Grilled Potatoes – If we’re grilling anyway, these are a great sidekick to our meat dishes.

I’m trying to branch out as much as possible, and use the wonderful produce we have. And whatever we have & don’t want to eat (*cough*SWEET POTATOES*cough*), well, Margo will get that in a month or so 🙂

Go make this salad.

That’s an order.

I haven’t done recipes on here in For-Evah! And I’m not sure if I’ll dust off that tag on the blog or not, but my good friend Megan made us some food right after Margo was born and I recreated the salad she brought yesterday. Omigah, it’s amazing. Don’t question the ingredients, just go make it. I had it for lunch yesterday and was seriously contemplating having it for a snack. Cause, you know, salad is a good snack? I’m no veggie nut or anything, but it’s a testament to how rockin’ this salad is.

I did buy most of the ingredients from Whole Foods (which is closer than Earthfare to our house… but we still prefer EF!) so most of the things in it were organic or natural in some way. Can’t say if it tasted better than with processed ‘gredients (such as Craisins and pesticide apples) but it tasted darn good this way.

Festive Tossed Salad
Dressing:
1/2 cup sugar
1/3 cup cider or red wine vinegar
2 T lemon juice
2 T finely chopped onion (pureed so it’s liquidy)
1/2 tsp salt
2/3 cup oil (vegetable, olive, canola, whatever)
2-3 T poppy seeds

Salad:
10 cup torn Romaine
1 cup shredded swiss cheese
1 med. apple, cored and cubed
1 med. pear, cored and cubed
1/4 cup craisins (or sweetened dried cranberries)
1/2-1 cup chopped cashews
In blender or food processor combine sugar, vinegar, lemon juice, onion and salt. Cover and process until blended. Gradually add oil. Add poppy seeds.
Combine rest of ingredients. When ready to serve, drizzle with desired amount of dressing.

Shrimp Scampi Linguine


So, I realize this is about 2 weeks after the fact, but here is the recipe that Scott made me for Valentines’ Day with some pictures 🙂 It was SO delicious, made lots of leftovers and Scott has decided it’s his new “thing” to make it for me. He actually made it last weekend too!

Shrimp Scampi Linguine Pasta

From: Food Network

  • 1 pound linguini
  • 4 tablespoons butter (Halfed this)
  • 4 tablespoons extra-virgin olive oil, plus more for drizzling (We halfed this)
  • 2 shallots, finely diced
  • 2 cloves garlic, minced
  • Pinch red pepper flakes, optional (NO MORE THAN A PINCH!!)
  • 1 pound shrimp, peeled and deveined (We used chicken the second time to be cheap, it was good, but not quite as good as the shrimpies!)
  • Kosher salt and freshly ground black pepper
  • 1/2 cup dry white wine
  • Juice of 1 lemon
  • 1/4 cup finely chopped parsley leaves

Directions

For the pasta, put a large pot of water on the stove to boil.
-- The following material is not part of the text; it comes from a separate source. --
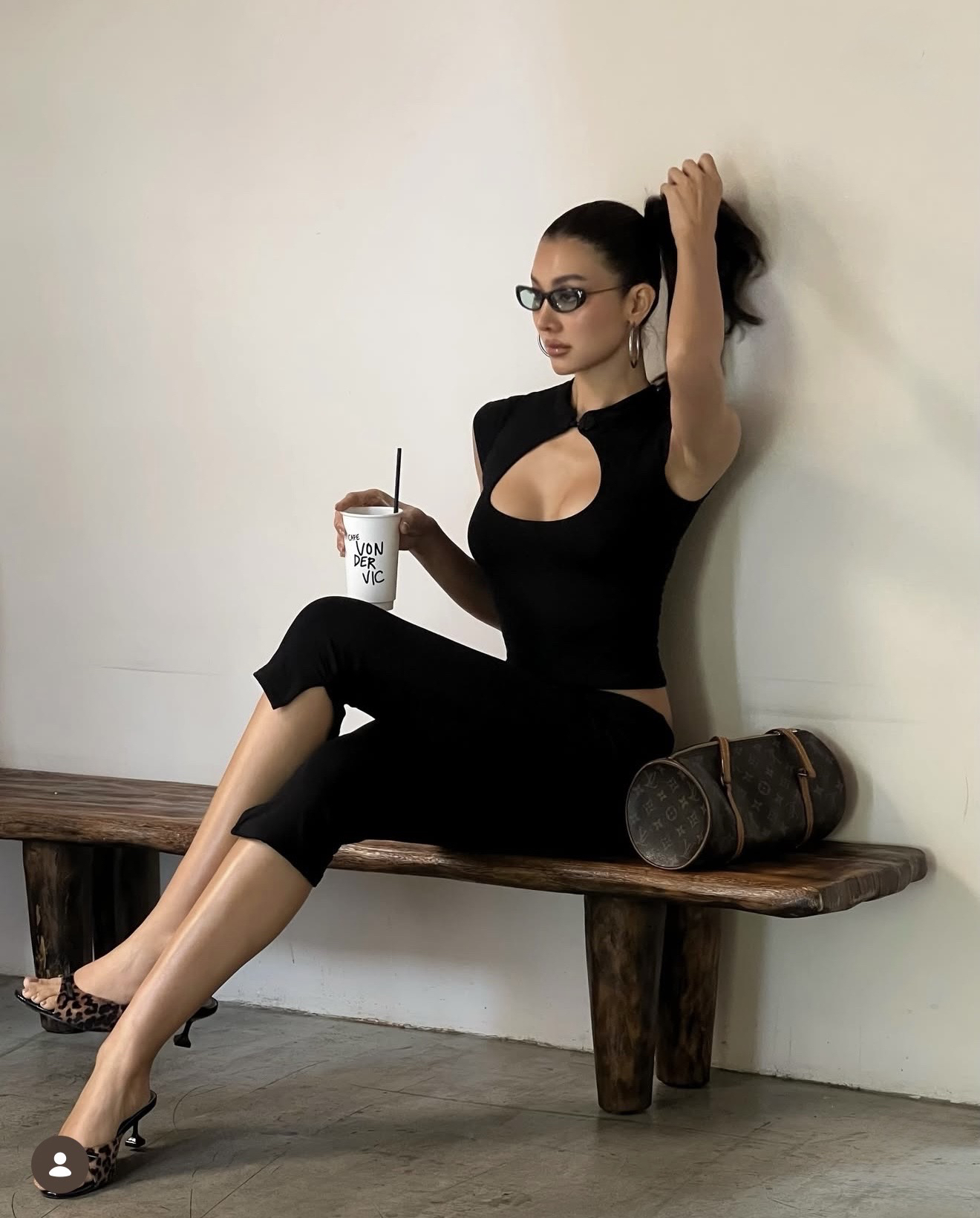 Áo cổ tàu khoét ngực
When it has come to the boil, add a couple of tablespoons of salt and the linguini. Stir to make sure the pasta separates; cover. When the water returns to a boil, cook for about 6 to 8 minutes or until the pasta is not quite done. Drain the pasta.

Meanwhile, in a large skillet, melt 2 tablespoons butter in 2 tablespoons olive oil over medium-high heat. Saute the shallots, garlic, and red pepper flakes (if using) until the shallots are translucent, about 3 to 4 minutes. Season the shrimp with salt and pepper; add them to the pan and cook until they have turned pink, about 2 to 3 minutes. Remove the shrimp from the pan; set aside and keep warm. Add wine and lemon juice and bring to a boil. Add 2 tablespoons butter and 2 tablespoons oil. When the butter has melted, return the shrimp to the pan along with the parsley and cooked pasta. Stir well and season with salt and pepper. Drizzle over a bit more olive oil and serve immediately.

This is the mess he made 🙂 It was quite impressive… of course I helped clean up!

One thing that is cool about this recipe is I think it could easily incorporate other ingredients – if you have extra tomatoes or broccoli or WHATEVER, it could be added to this meal.

Pigs in a Blanket

I made this recipe a few weeks ago and we’ve been excited the whole time to make it again. 🙂 Make it with the mac & cheese – it does not disappoint!

Pigs in a Blanket
From: The Way the Cookie Crumbles

Bread dough:
3 tablespoons unsalted butter
¾ cup milk
1½ tablespoons sugar
2 eggs
3½ cups (17½ ounces) unbleached flour
1½ teaspoons instant yeast
1½ teaspoons salt

10 hot dogs (we use low fat turkey dogs)
2 tablespoons milk

1. Heat butter in small saucepan over medium heat until just melted. Add ¾ cup milk and sugar. If butter re-solidifies, heat until it’s completely melted. Remove from the heat and beat in the eggs.

2. Mix flour, salt, and yeast in bowl of standing mixer fitted with dough hook. Turn machine to low and slowly add milk mixture. When dough comes together, increase speed to medium (setting number 4 on a KitchenAid mixer) and mix until dough is smooth, shiny, and elastic, stopping machine two or three times to scrape dough from hook if necessary, about 8 minutes. Knead in extra flour, 1 tablespoon at a time, if the dough is too sticky. The dough should be not be dry, but soft. Turn dough onto lightly floured work surface; knead to form smooth, round ball, about 15 seconds. (Alternatively, you can knead by hand for 10 minutes.)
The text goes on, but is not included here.